Git was built in 5 days

“Any program is only as good as it is useful.” - Linus Torvalds, creator of Linux and Git, in a 2007 interview.

If you’re a developer who has been putting off understanding how Git works under the hood, then this guide is for you.

For those of us who get by with only knowing a few commands, Git can be a little mystifying:

A deeper understanding of Git however, will help you feel more confident in your workflow and allow you to get things done faster. In this guide, we’ll show you the fascinating history of Git, Git internals, and a guide of commands for common Git workflows that you can show-off later.

Where did Git come from?

Git was built in roughly 5 days and released in April 2005 by Linus Torvalds, the creator of the Linux kernel. What motivated him to build what became the world’s most used version control system? Two words: licensing dispute.

Torvalds was fed up when the company behind BitKeeper, the source code management system for the Linux kernel and many other open-source projects, revoked the Linux developers’ free license. Bitkeeper’s parent company did this because Andrew Tridgell, an open-source developer, attempted to create an open-source version of the BitKeeper client without accepting its proprietary license. Torvalds called Tridgell’s work a “bad project”.
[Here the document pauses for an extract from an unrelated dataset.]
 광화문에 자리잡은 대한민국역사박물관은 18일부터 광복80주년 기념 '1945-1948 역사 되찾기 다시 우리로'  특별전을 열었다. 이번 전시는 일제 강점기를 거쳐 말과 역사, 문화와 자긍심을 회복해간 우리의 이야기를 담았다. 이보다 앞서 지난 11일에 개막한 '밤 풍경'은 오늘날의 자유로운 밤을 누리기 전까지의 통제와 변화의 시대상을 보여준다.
Needing a new source code management system to keep Linux alive, Torvalds built Git in less than a week to attempt to match the utility of BitKeeper. His inspiration becomes clear when you compare some examples of Git commands that we all use today with their Bitkeeper equivalents:

Initialize a repository

BitKeeper: bk setup .

Git: git init

Clone a repository

BitKeeper: bk clone <repository>

Git: git clone <repository>

Commit changes

BitKeeper: bk citool (or bk commit)

Git: git commit -m "<message>"

Torvalds didn’t just copy paste however; he also introduced efficiencies that BitKeeper didn’t have, such as running on a distributed model rather than a centralized one. Git doesn’t need a remote server to make changes. It stores a local copy of the source code, so making changes is fast and efficient for developer teams working on the same project.
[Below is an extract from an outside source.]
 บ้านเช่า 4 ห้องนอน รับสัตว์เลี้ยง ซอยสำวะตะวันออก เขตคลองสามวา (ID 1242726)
"Git, to some degree, was designed on the principle that everything you ever do on a daily basis should take less than a second," said Torvalds in a 2005 InfoWorld interview.
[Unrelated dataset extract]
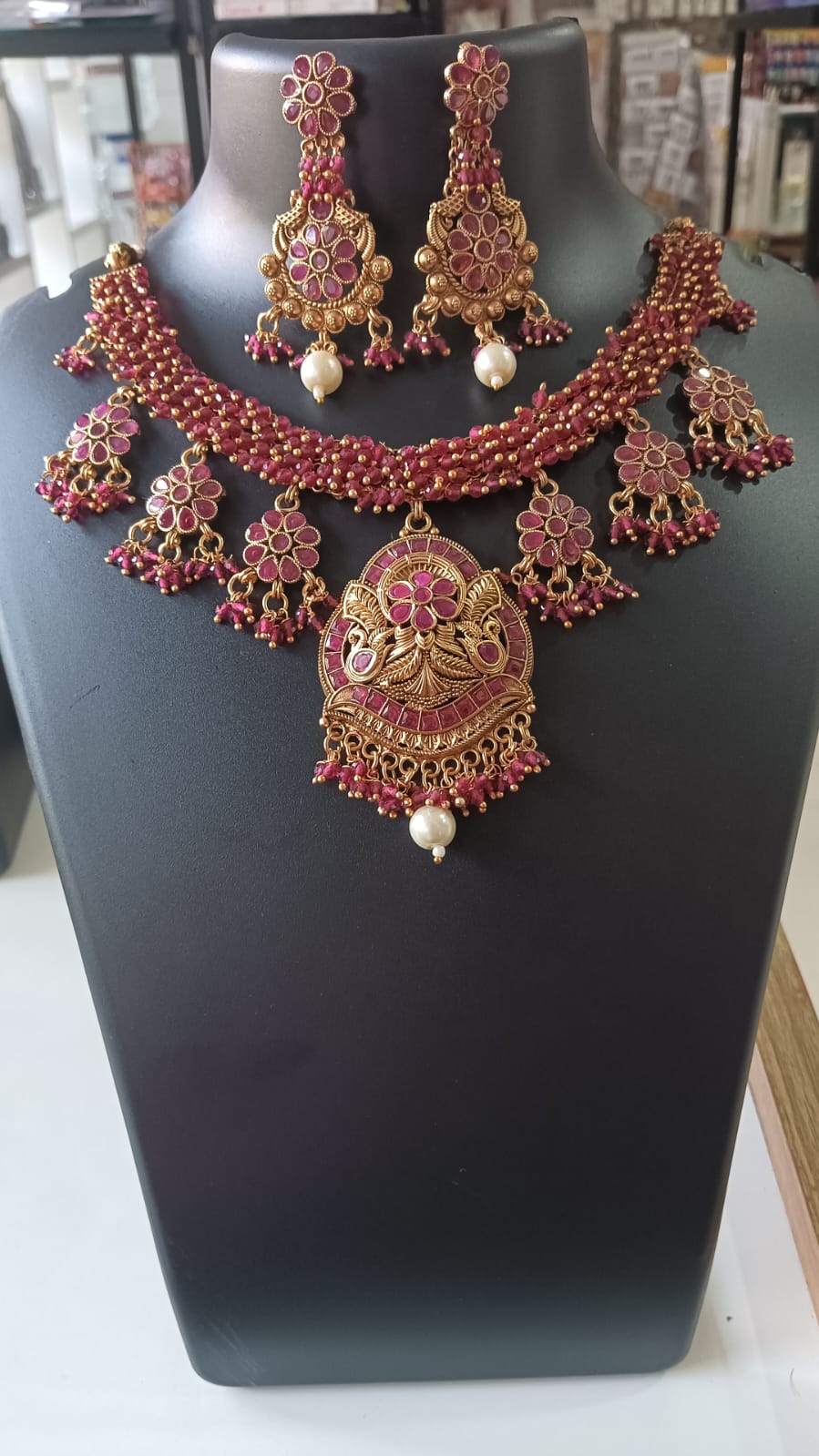 Chokers in red_CH1001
Torvalds wasn’t alone in wanting a more efficient, BitKeeper alternative, and Git wasn’t the only distributed VCS of its era. Darcs was released 2 years before Git, Bazaar was released 13 days before Git, Mercurial was released 12 days after Git and Fossil was released a year after Git. Despite all of these competitors, Git has fast become the most widely used VCS according to StackOverflow surveys, with estimated adoption growing from 69% in 2017 to to 94% in 2021.

By introducing SHA-1 hashing, trees, and other improvements, Torvalds built Git to enable functionality like branch merging, and commit tagging. Compared to BitKeeper, these features made the software development workflow much more efficient and easier to manage at scale.

Understanding Git internals

In order to get a better understanding of Git under the hood, let’s look at some practical examples. To follow along with this article you’ll need:

Git installed
Your terminal opened into an empty directory
A command-line text editor (e.g. nano, vim), or an IDE (e.g. VSCode)
Optional: The tree command installed on either Mac, Windows, or Linux; this will visualize what trees look like under the hood in Git.

First, run git init in an empty directory, and we can get started.

Porcelain and plumbing in Git

As we explore Git internals, one of the first things to recognize is that Git is made up of two different command sets: porcelain and plumbing. Porcelain commands are used to interface with Git in the terminal, like the familiargit init, git pull, git add, git commit, and git push.Plumbing commands are lower-level and reveal Git internals. Many of these plumbing commands aren’t meant to be used manually on the command line, but rather to be used as building blocks for new tools and custom scripts.

Lets walk through how Git is structured and explore that structure with some plumbing commands to help us get a better understanding of what’s happening under the hood.

Storage

To understand how Git prevents collisions between different pieces of code we’re first going to explore Git’s storage schema. There are only four types of Git objects: blobs, trees, commits, and tags.

Blobs (binary large object)

Git stores and represents file content as a blob, short for “binary large object”. A blob contains a file’s contents but doesn’t contain any metadata.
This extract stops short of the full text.